Unter der Frankfurter Friedensbrücke erinnert ein riesiges Wandbild an die neun Opfer des Anschlags in Hanau. Foto: Andreas Arnold/dpa
Unter der Frankfurter Friedensbrücke erinnert ein riesiges Wandbild an die neun Opfer des Anschlags in Hanau. Foto: Andreas Arnold/dpa

Auch ein Jahr nach dem rassistisch motivierten Anschlag in Hanau sind zahlreiche Fragen ungeklärt. Doch ob und welche Antworten die Politik darauf finden wird, ist offen.

Am Jahrestag des rassistisch motivierten Anschlags in Hanau haben Angehörige am Freitag auf dem Hauptfriedhof der Stadt der neun Todesopfer gedacht. Ein 43-jähriger Deutscher hatte sie am späten Abend des 19. Februar vergangenen Jahres an mehreren Orten der Stadt aus rassistischen Motiven erschossen.

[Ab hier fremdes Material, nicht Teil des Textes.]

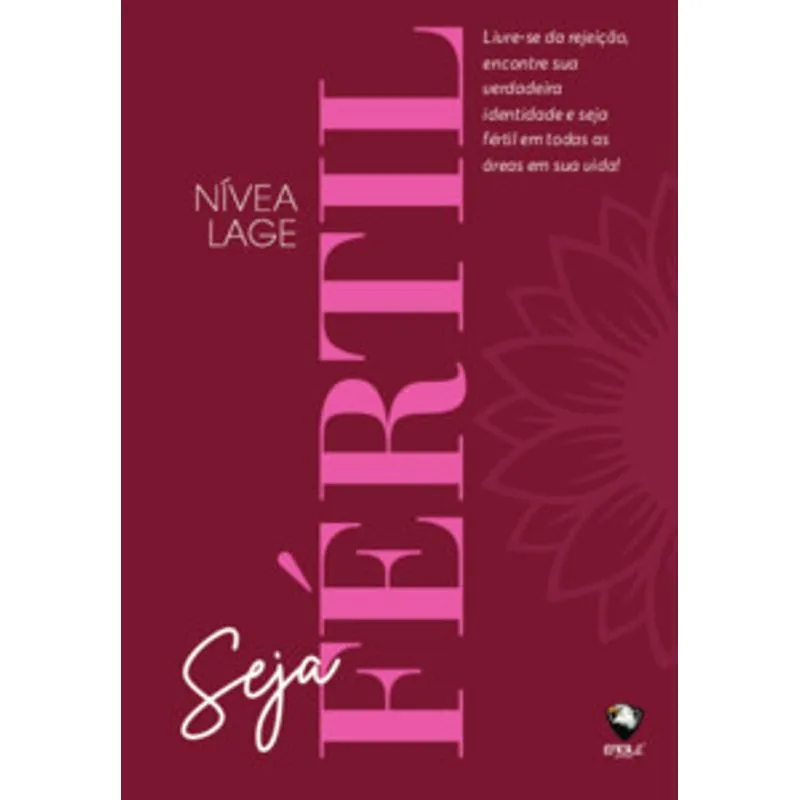 Seja Fértil: Livre-Se da Rejeição, Encontre Sua Verdadeira Identidade e Seja Fértil em Todas as Áreas em Sua Vida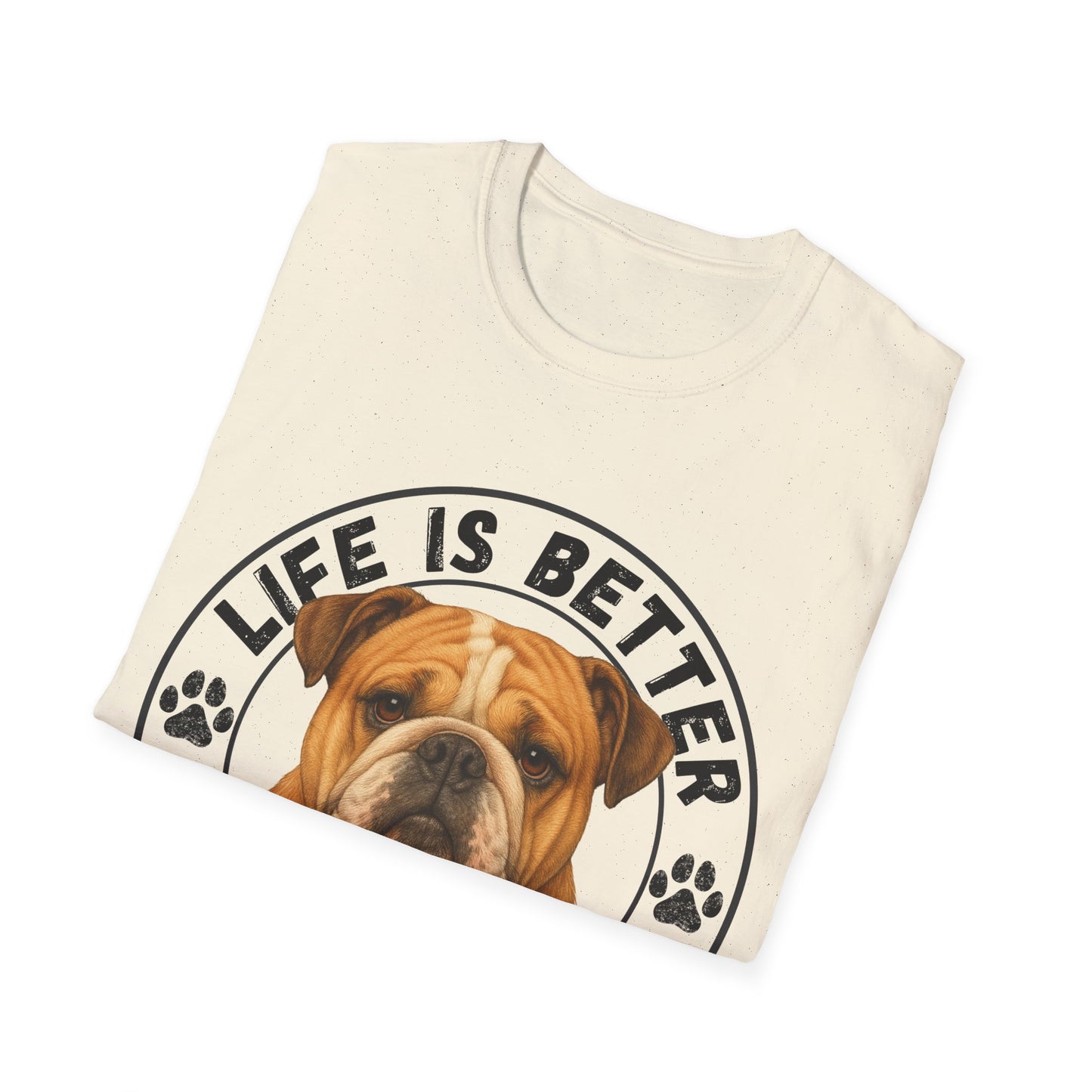 Life Is Better With A Bully Unisex T-Shirt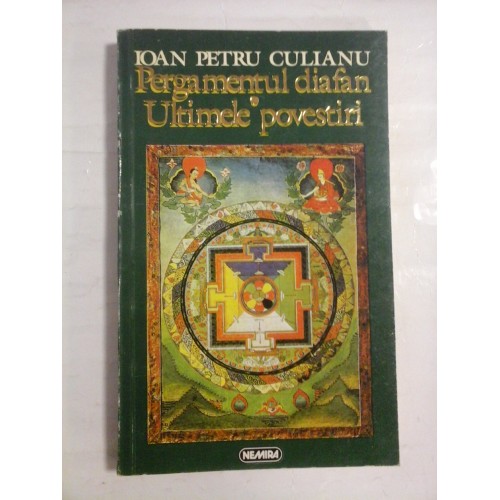 PERGAMENTUL DIAFAN. ULTIMELE POVESTIRI - IOAN PETRU CULIANU PERGAMENTUL DIAFAN. ULTIMELE POVESTIRI - IOAN PETRU CULIANU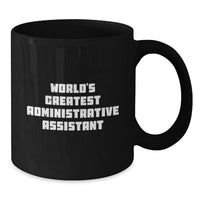 Load image into Gallery viewer, Funny Administrative Assistant Black Coffee Mug Gifts from Men to Women Friends and Family - &#39;World&#39;s Greatest&#39; - Additional
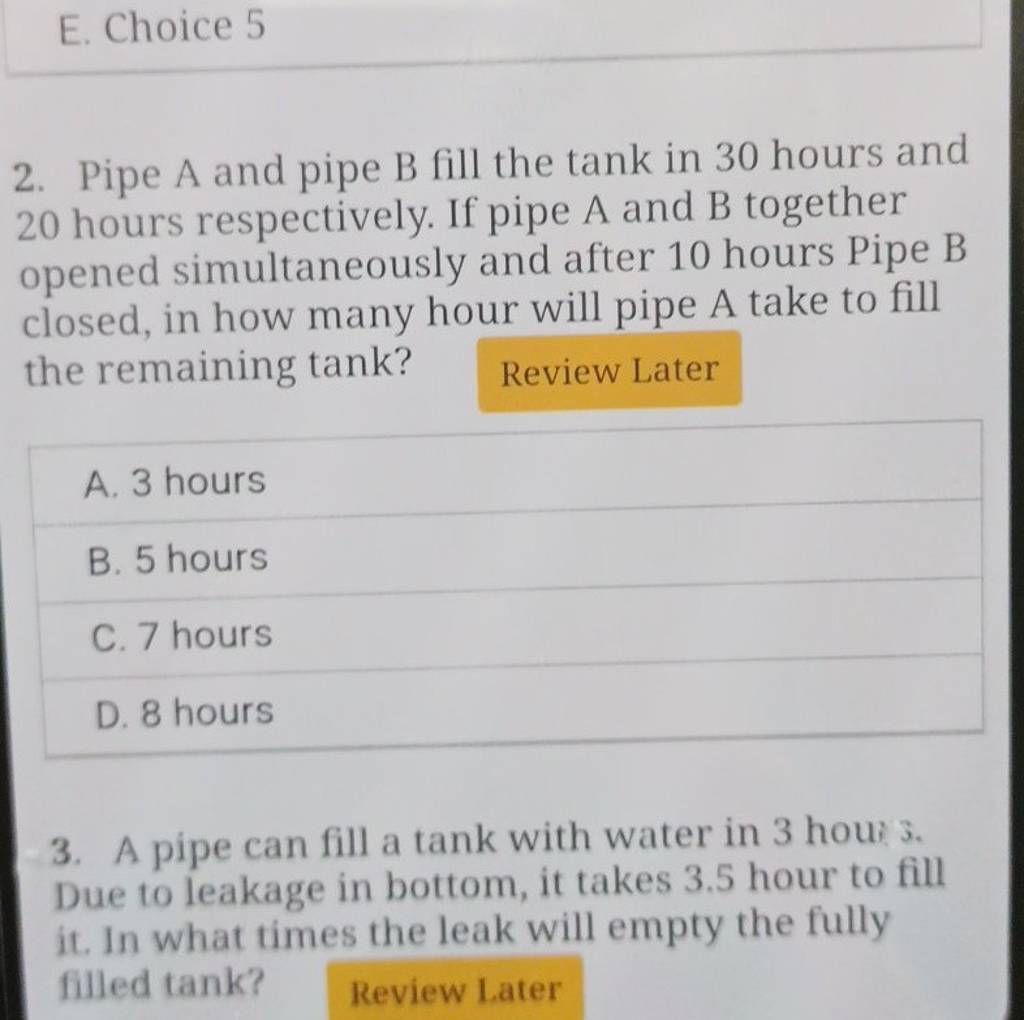 Pipe A and pipe B fill the tank in 30 hours and 20 hours respectively. If..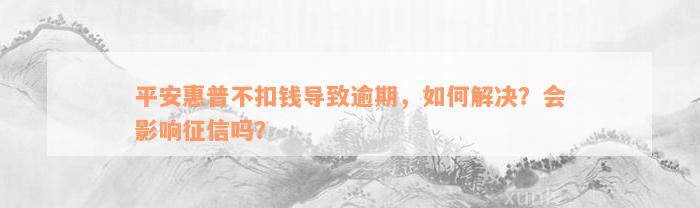 平安惠普不扣钱导致逾期，如何解决？会影响征信吗？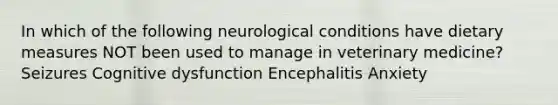 In which of the following neurological conditions have dietary measures NOT been used to manage in veterinary medicine? Seizures Cognitive dysfunction Encephalitis Anxiety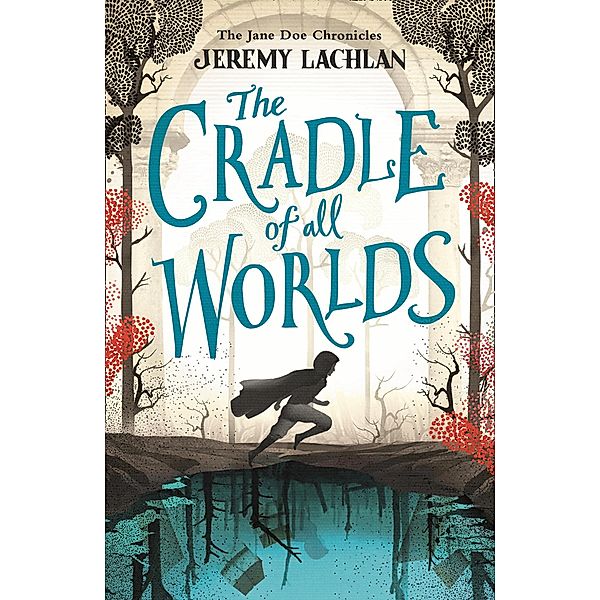 The Cradle of All Worlds, Jeremy Lachlan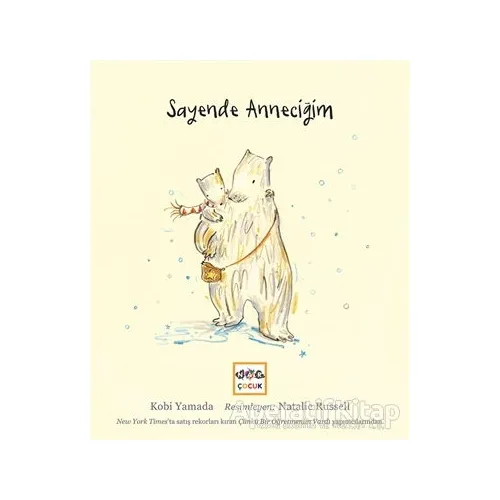 Sayende Anneciğim - Kobi Yamada - Nar Yayınları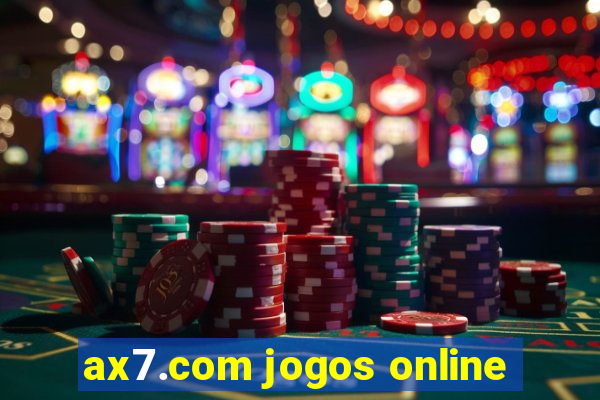 ax7.com jogos online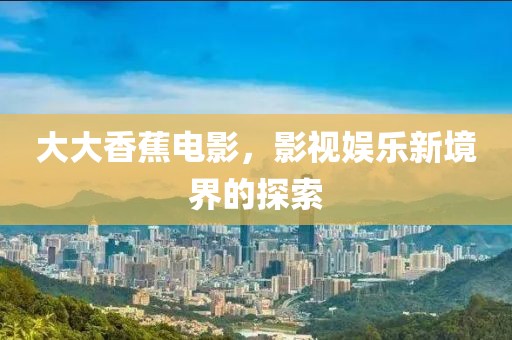 大大香蕉电影，影视娱乐新境界的探索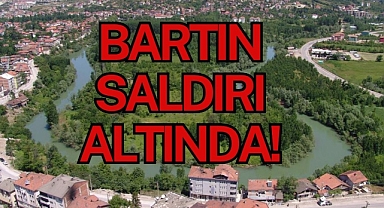 BARTIN SALDIRI ALTINDA!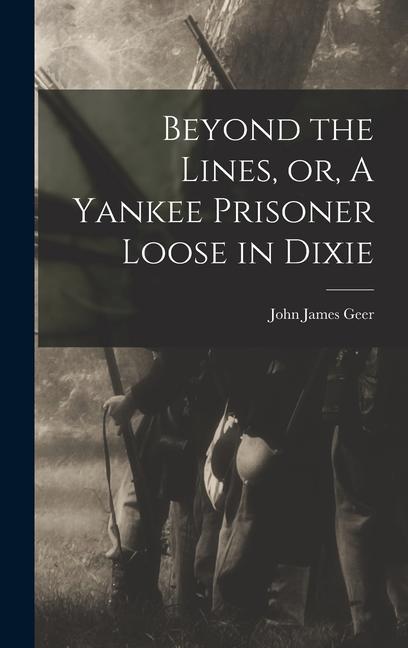 Knjiga Beyond the Lines, or, A Yankee Prisoner Loose in Dixie John James Geer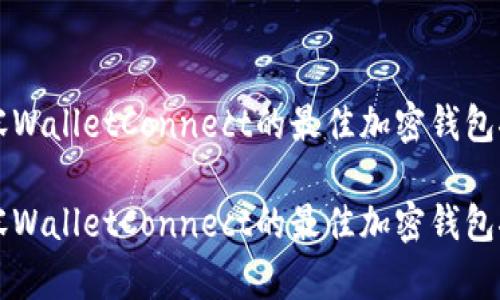 兼容WalletConnect的最佳加密钱包推荐

兼容WalletConnect的最佳加密钱包推荐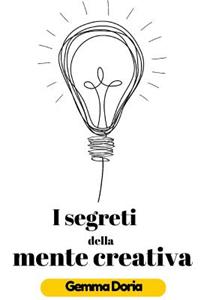 I segreti della mente creativa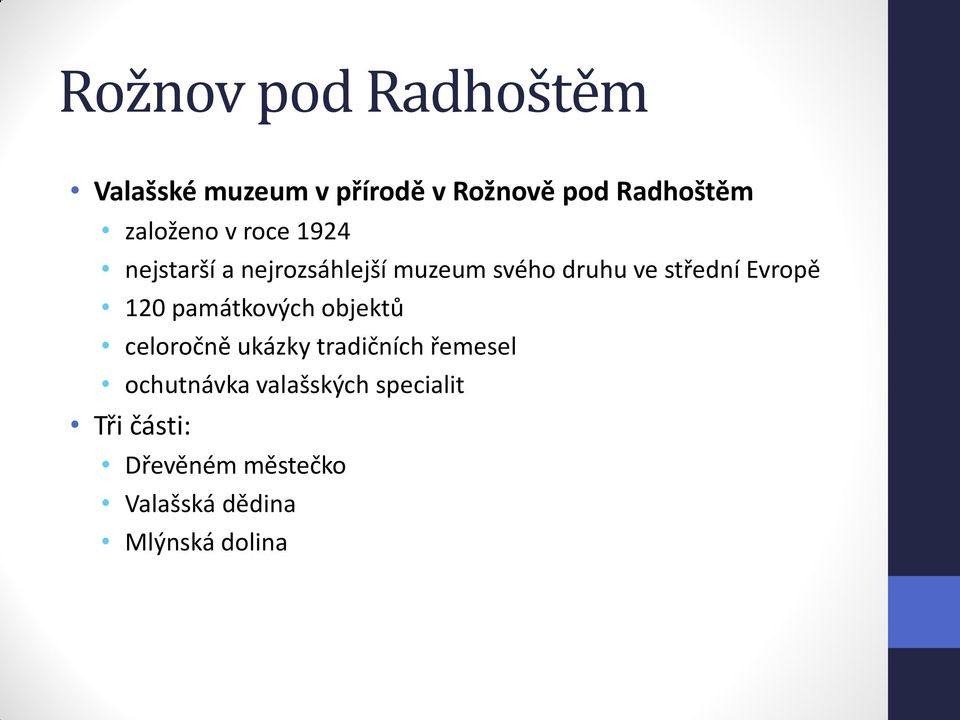 střední Evropě 120 památkových objektů celoročně ukázky tradičních řemesel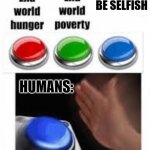 End world hunger End world poverty | BE SELFISH; HUMANS: | image tagged in end world hunger end world poverty | made w/ Imgflip meme maker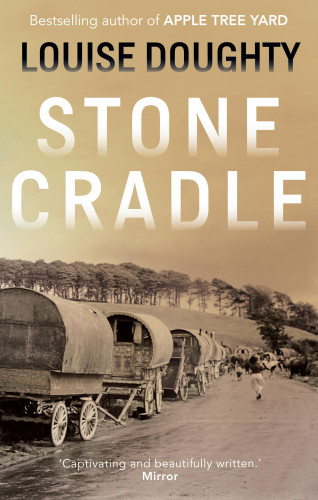 Louise Doughty: Stone Cradle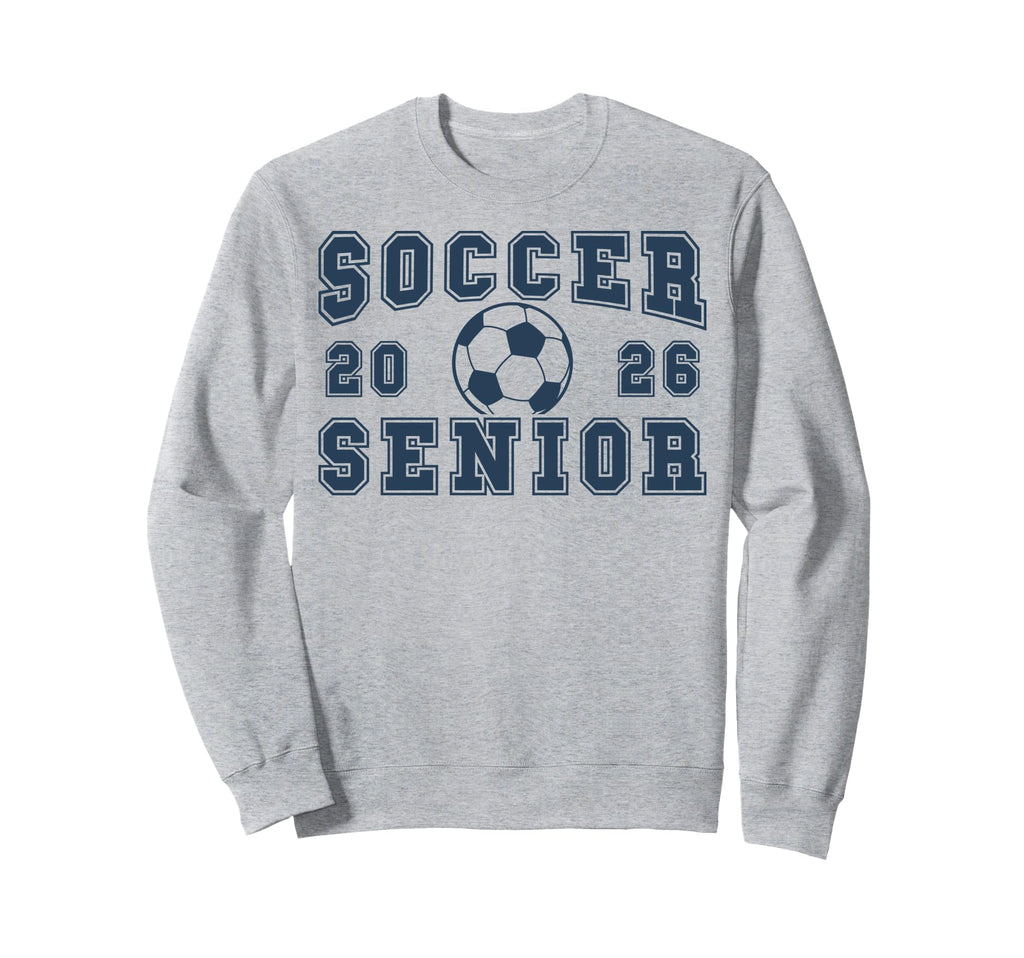 Soccer Senior Night Soccer Senior Sweatshirt - Casual Everyday Wear Unisex
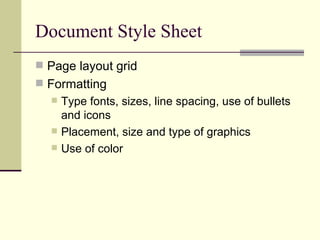 Document Style Sheet Page layout grid Formatting Type fonts, sizes, line spacing, use of bullets and icons Placement, size and type of graphics Use of color 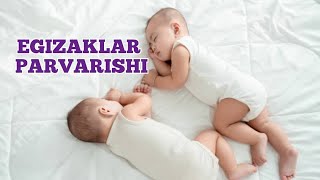 Egizak chaqaloqlar parvarishi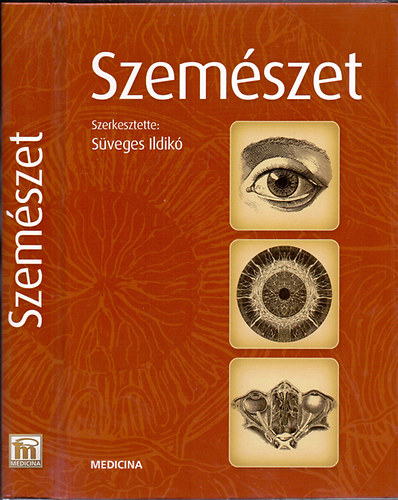 Süveges Ildikó (szerk.) - Szemészet (2. javított, bővített kiadás)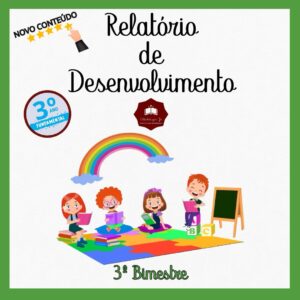Relatórios de desenvolvimento – 3º ano ensino fundamental – 3º bimestre/trimestre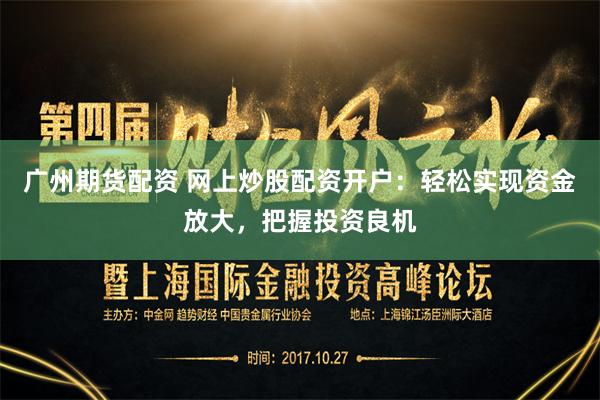 广州期货配资 网上炒股配资开户:轻松实现资金放大,把握投资良机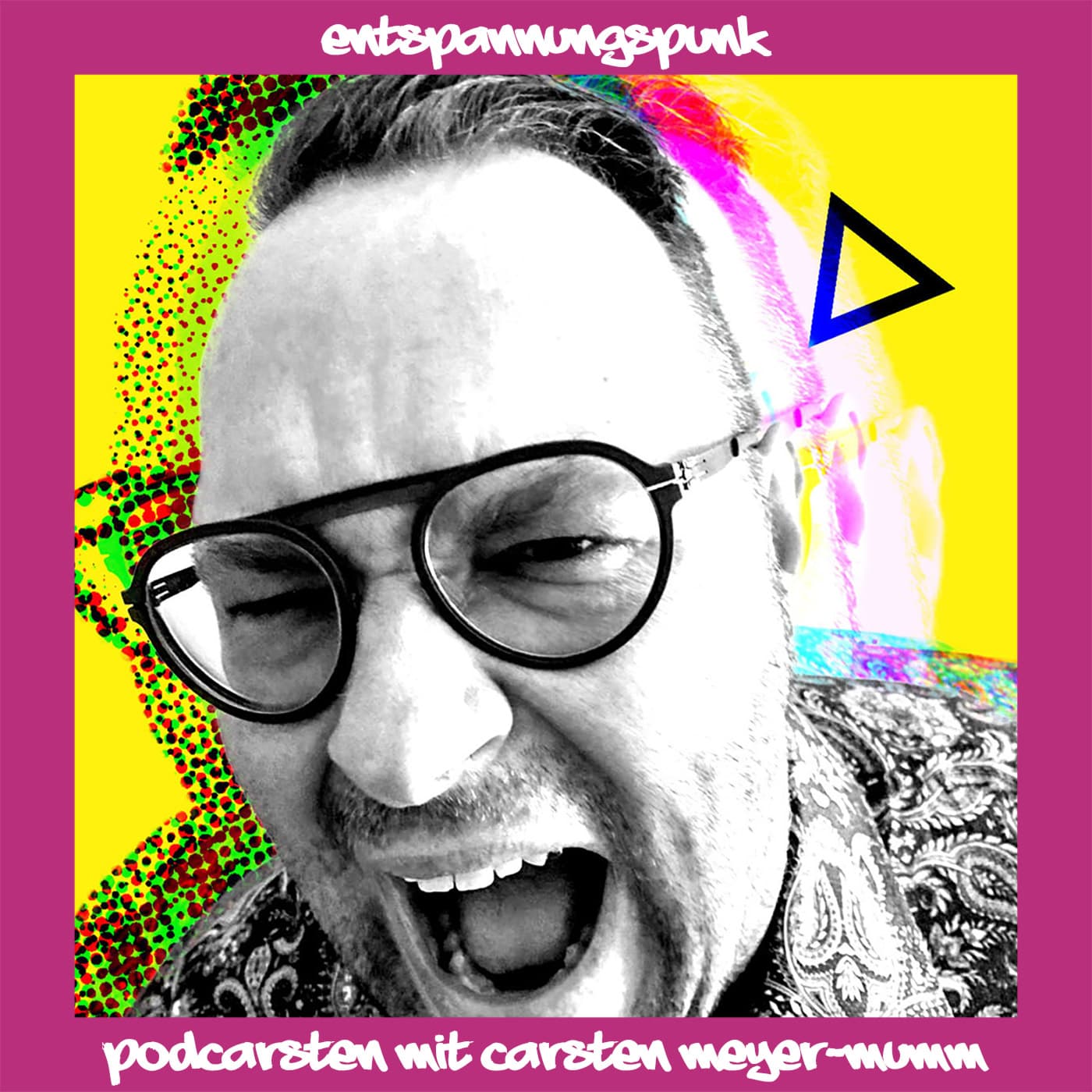 entspannungspunk - podcarsten mit carsten meyer-mumm - Podcasts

Rund 500 Angehörige und Hanauer Bürger kamen an einem Ensemble von Ehrengräbern zusammen. Dort sind Ferhat Unvar, Hamza Kurtović und Said Nesar Hashemi begraben. Das Ensemble umfasst auch Gedenksteine für die weiteren sechs Todesopfer Mercedes Kierpacz, Sedat Gürbüz, Gökhan Gültekin, Kaloyan Velkov, Vili Viorel Păun und Fatih Saraçoğlu.

Vielfach hatten die Angehörigen in den vergangenen zwölf Monaten Konsequenzen aus der Tat gefordert – allen voran ein entschiedeneres Eintreten gegen Rechts. Den Behörden warfen sie vor, „Warnsignale“ nicht ernst genug genommen zu haben, zuletzt etwa Ajla Kurtović, deren Bruder Hamza unter den neun Todesopfern des Anschlags war.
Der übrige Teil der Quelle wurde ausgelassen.